When it comes to women and sex, how a woman feels about herself, her life, her partner, and her relationship all factor into whether she feels like having sex. Unlike men, where thinking about sex translates to erection, arousal in some women may start during or even after lovemaking begins. Prior to love making a woman has many thoughts not only about sex but about her relationship. “Are we ready to have sex? Is he committed to me? Will he like my body? Does he think I’m sexy?”
All kind of worry
In dating situations, women are thinking about the flow of her relationship and her future, too. “What if I get addicted to this man and then he leaves me?” While women are not as concerned with sexual performance, a woman knows that once she becomes sexually involved, things become more serious for her. While the heat of the moment and her eager male partner may convince a woman to have sex, she knows that due to the release of oxytocin during sex she must also protect her heart. For men, sex is a one-part play. For women in dating, there are three acts: pre-sex worry, during-sex worry, and post-sex worry.
Talk about it
For both men and women, talking about can increase libido. If you are a man, tell your woman how sexy you find her. This will help her get out of her head and any insecurities and into the moment. If she sees you aroused and approaching her with confidence, it’s easier for her to feel her desire. For women, try not to overthink what your male partner wants. Think more about yourself and tell your man what feels good to you. Men take pleasure in pleasuring you. Enjoy yourself and your man will too.

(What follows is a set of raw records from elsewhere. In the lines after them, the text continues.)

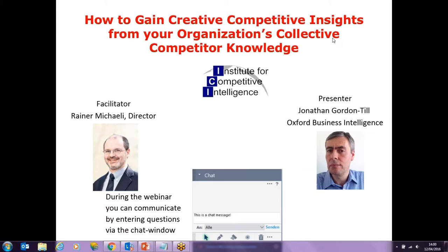Hello everybody, welcome to our webinar: how to gain creative competitive insights from your organization's collective competitor knowledge. My name is Raina Michaele. I happen to be the director of the Institute for Competitive Intelligence. My company, the Institute for Competitive Intelligence, hosts these webinars in our insight series — that's how we call these sessions.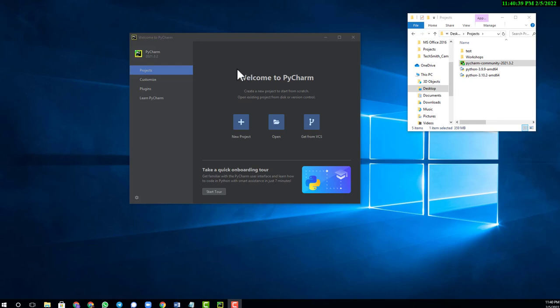We're going to use PyCharm to create a Python application. PyCharm is the IDE we're going to use. I know that you being here means you already know how to install PyCharm.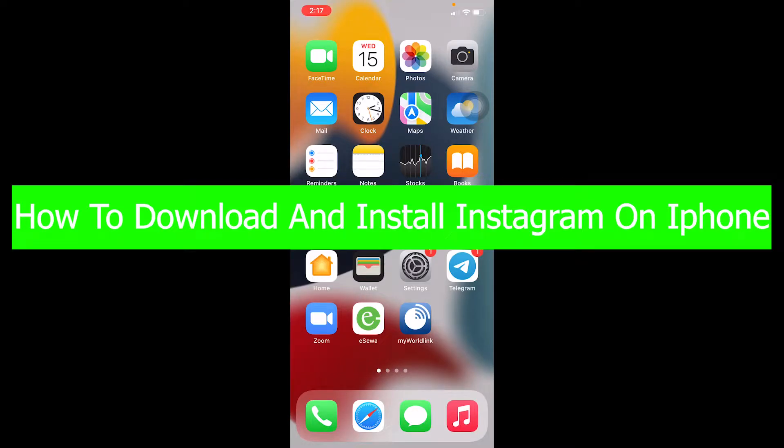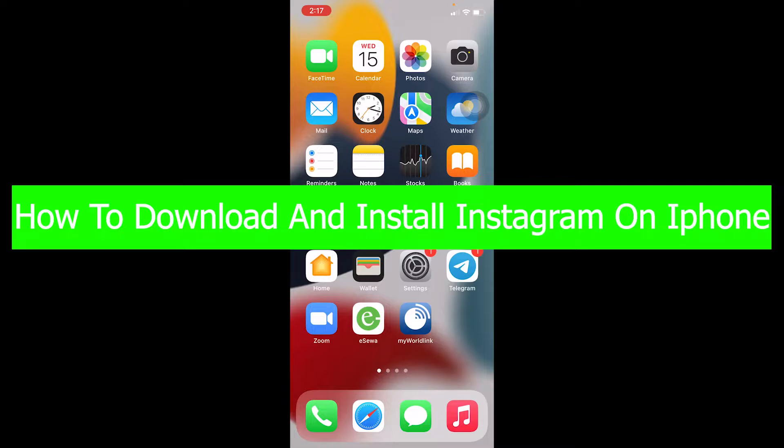Hello everybody and welcome back to our channel HowToGuide. We are back with another brand new video. In today's video, I'm going to be showing you how you can download and install Instagram on your iPhone.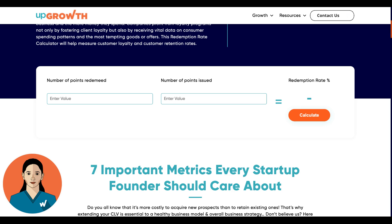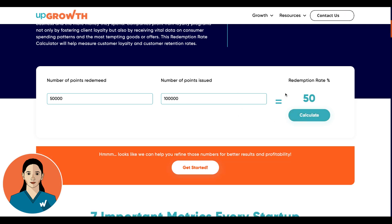Let's look at it with an example. Let's say you want to analyze your program's performance for the last month. You find that customers have redeemed a total of 50,000 points and you have issued to the tune of 100,000. Simply hit calculate and you get the redemption rate, which is 50%. This means half of the points issued were used for rewards, which could indicate a successful program. However, you might want to analyze trends over time and compare data to your program goals to see if there is room for improvement.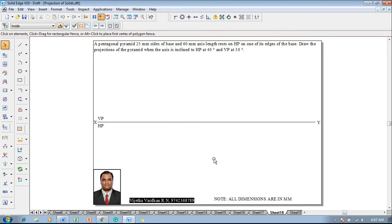Hi guys, greetings. Myself Vijit Avadhan, and in this video lecture session I am going to show you a solution on projection of solids. The example problem is: a pentagonal pyramid with 25 millimeter sides of base and 60 millimeter axis length rests on HP on one of its edges of the base. Draw the projections of the pyramid when the axis is inclined to HP at 40 degrees and VP at 30 degrees.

5 Tips for Enhancing Sexual Desire:
- Five Senses: think about how things look, smell, sound, feel, and taste. Light a candle, listen to sexy music, drink some wine.
- Building anticipation: send your partner a sexy little flirt to build heat in your relationship. Tell them you can’t wait to see them later.
- Exercise more: people who are aware of their bodies and exercise generally have higher libidos and are more physical in their love language.
- Stay in the moment: focus on what feels good versus worrying about the past or future.
- Make your romantic life a priority: people who have an orgasm once a week to have better health and sex release stress.